:: What you need to do ::
Your response should contain exactly the lines running from the one with "Matildas Australia Team" to the end of the data below, both included, and no pictures.

[Record set Boundary: Start]

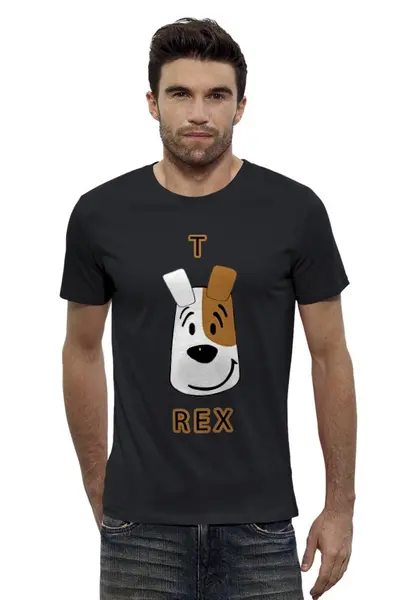 Заказать мужскую футболку в Москве. Футболка базовая T-REX от Виктор Касаткин - готовые дизайны и нанесение принтов.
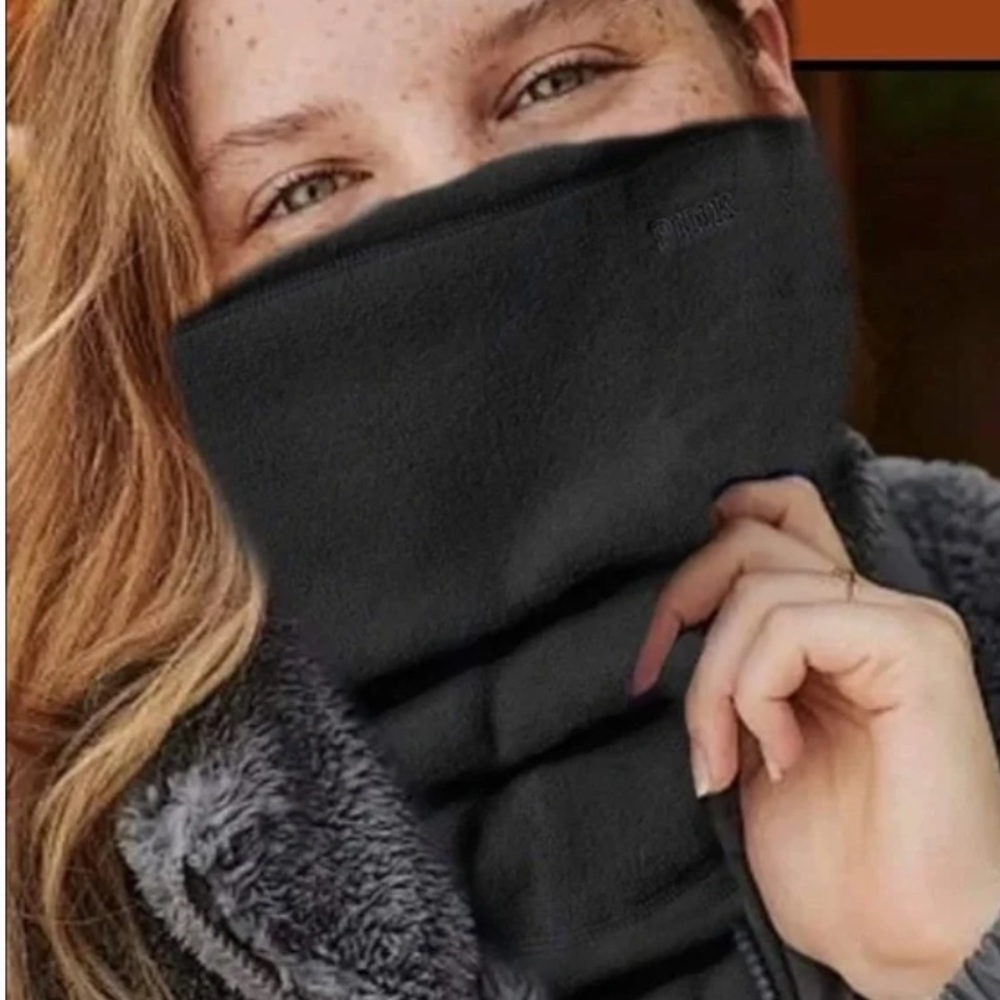 Victoria’s Secret PINK Fully Lined Fleece Gaiter Mask • Black •Adjustable Toggle
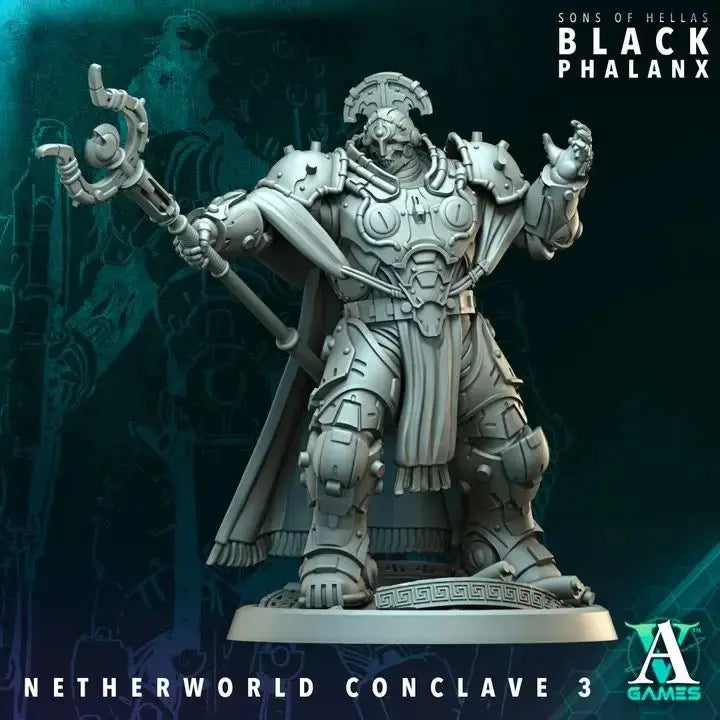 Netherworld Conclave / Savant Black Phalanx TTRPG Miniature Archvillain Games Sci-Fi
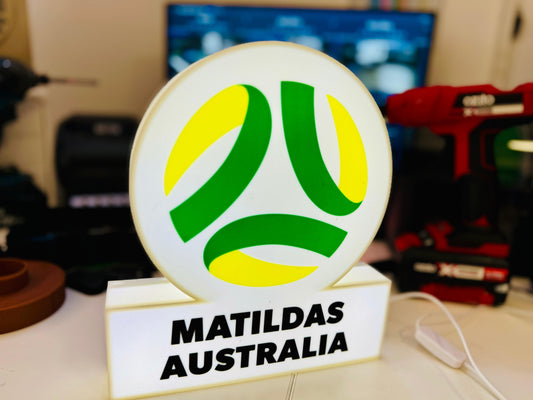 Matildas Australia Team Logo Light Up Sign - Michael's 3D World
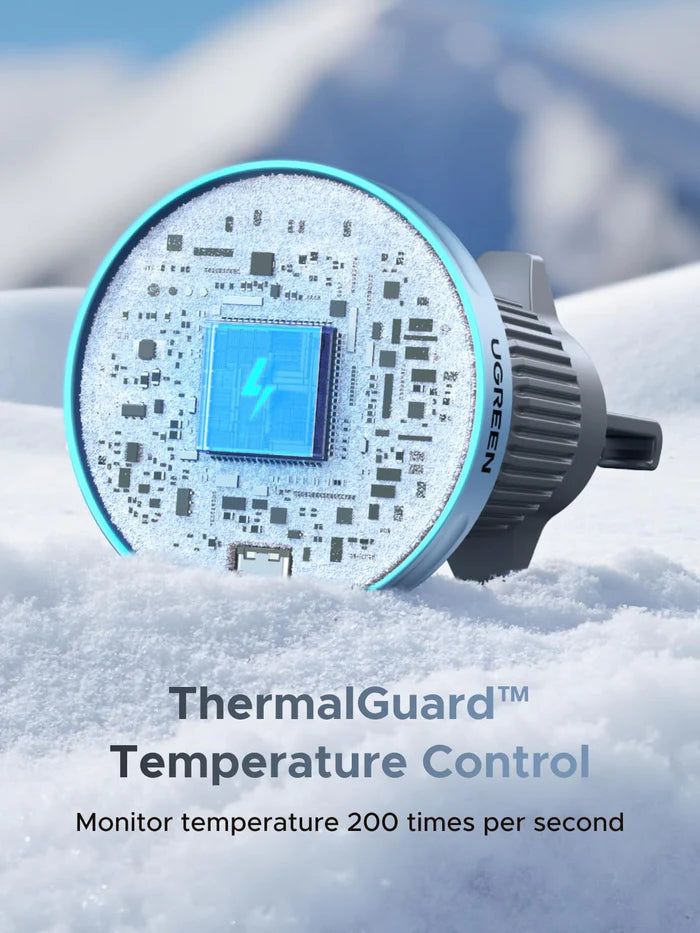 UGREEN MagFlow Magnetic Wireless Car Charger 25W (MagSafe compatible)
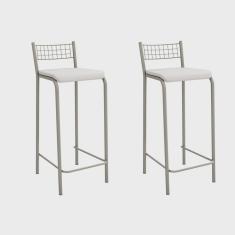 Banqueta Genova 740mm Nickel (par)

[Record set Boundary: End]

:: Written reply ::
 Matildas Australia Team Logo Light Up Sign - Michael's 3D World
 UGREEN MagFlow Magnetic Wireless Car Charger 25W (MagSafe compatible)
 Banqueta Genova 740mm Nickel (par)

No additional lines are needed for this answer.